Aber der neue deutsche Spießbürger kann nicht loslassen. Er ist süchtig nach seiner moralischen Überlegenheit, abhängig von seiner Empörung, gefangen in seinem Kampf gegen Windmühlen. Er braucht die Diskriminierung, um sie bekämpfen zu können. Er braucht die Ungerechtigkeit, um sich als Kämpfer für Gerechtigkeit zu fühlen. Er braucht das Böse, um sich als Guter zu definieren.
In dieser Hinsicht ist er zutiefst reaktionär. Während er vorgibt, eine bessere Zukunft schaffen zu wollen, ist er tatsächlich fixiert auf die Vergangenheit, die er überwinden möchte. Er definiert sich nicht durch das, was er will, sondern durch das, was er ablehnt. Er ist nicht für etwas, sondern gegen alles. Er hat kein positives Programm, nur negative Abgrenzungen.

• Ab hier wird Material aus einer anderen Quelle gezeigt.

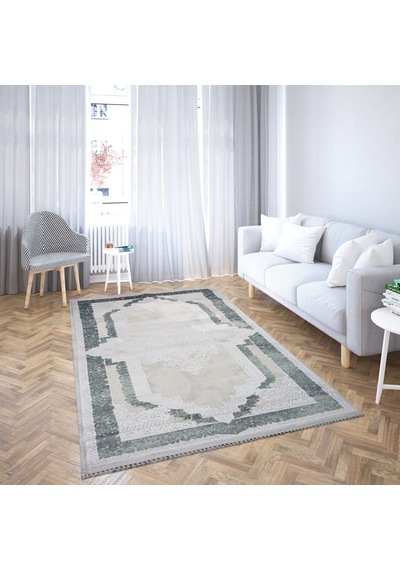 Nostalji Seri Çerçeveli Klasik Motifli Altı Kaymaz Makine Dokuma Halı 13481-838 Beyaz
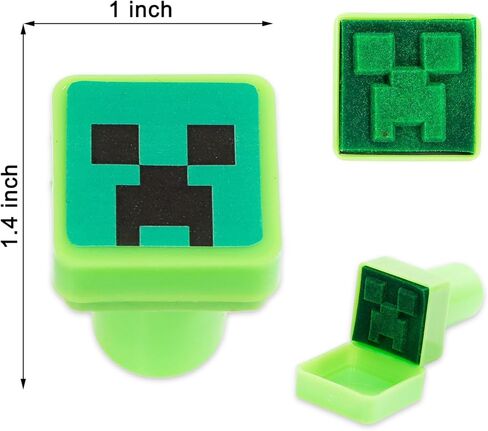 لوازم الحفلات من Minecraft Stampers - حزمة تحتوي على 12 طوابع ذاتية التحبير تحت عنوان لعبة فيديو | هدايا الحفلات، حقائب الهدايا الجيدة، حشوات حقائب الغنائم | أنشطة عيد ميلاد Creeper Pixel Minecraft in Saudi Arabia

Aus dieser pessimistischen Anthropologie folgt zwangsläufig ein autoritärer Politikansatz. Wenn die Menschen von Natur aus schlecht sind, müssen sie erzogen werden. Wenn sie von sich aus diskriminieren, müssen sie daran gehindert werden. Wenn sie falsch denken, müssen sie umerzogen werden. Die Demokratie wird zur Pädagogik, der Staat zur Erziehungsanstalt, die Gesellschaft zum Besserungswerk.
Der neue deutsche Spießbürger übernimmt dabei gerne die Rolle des Erziehers. Er weiß, was richtig und falsch ist. Er kennt die Gesetze der Geschichte. Er durchschaut die Mechanismen der Macht. Er ist der Aufgeklärte unter den Unaufgeklärten, der Sehende unter den Blinden.
Diese Selbstüberschätzung ist nicht nur lächerlich, sie ist auch gefährlich. Sie legitimiert jeden Übergriff, rechtfertigt jede Zumutung, entschuldigt jede Grenzüberschreitung. Wer das Gute will, darf alle Mittel einsetzen. Wer für die Wahrheit kämpft, muss keine Rücksicht nehmen. Wer die Geschichte auf seiner Seite weiß, kann sich alles erlauben.
Dabei zeigt gerade die deutsche Geschichte, wohin solche Größenfantasien führen. Jede Ideologie, die den Anspruch auf absolute Wahrheit erhebt, endet im Terror. Jede Bewegung, die alle Menschen beglücken will, macht sie unglücklich. Jede Partei, die das Paradies auf Erden schaffen möchte, schafft die Hölle.
Noch ist es nicht zu spät. Noch gibt es Widerstand. Noch existieren Bereiche, die sich ihrer Kontrolle entziehen. Noch leben Menschen, die sich nicht einschüchtern lassen. Noch herrscht das Recht, auch wenn es gebeugt wird.
Aber die Zeit läuft ab. Mit jeder Generation, die in der woken Ideologie aufwächst, wird der Widerstand schwächer. Mit jedem Jahr, das diese Denkweise die Bildungseinrichtungen beherrscht, werden weniger Menschen immunisiert. Mit jedem Monat, den die Medien diese Sichtweise propagieren, wird sie normaler.
Der Kampf gegen die neue deutsche Spießbürgerlichkeit ist deshalb nicht nur ein politischer, sondern vor allem ein kultureller. Es geht nicht um Programme oder Parteien, sondern um Mentalitäten und Einstellungen. Es geht darum, die Fähigkeit zur Ironie zurückzugewinnen. Den Mut zur Unpopularität zu entwickeln. Die Kraft zur Gelassenheit zu finden.
Es geht darum, die Familie als Schutzraum zu verteidigen. Als Ort, an dem Menschen sie selbst sein können, ohne Rechtfertigung und ohne Begründung. Als Gemeinschaft, die nicht auf Ideologie gegründet ist, sondern auf Liebe. Als Refugium, das der Politik entzogen bleibt, weil es wichtigeres gibt als Politik.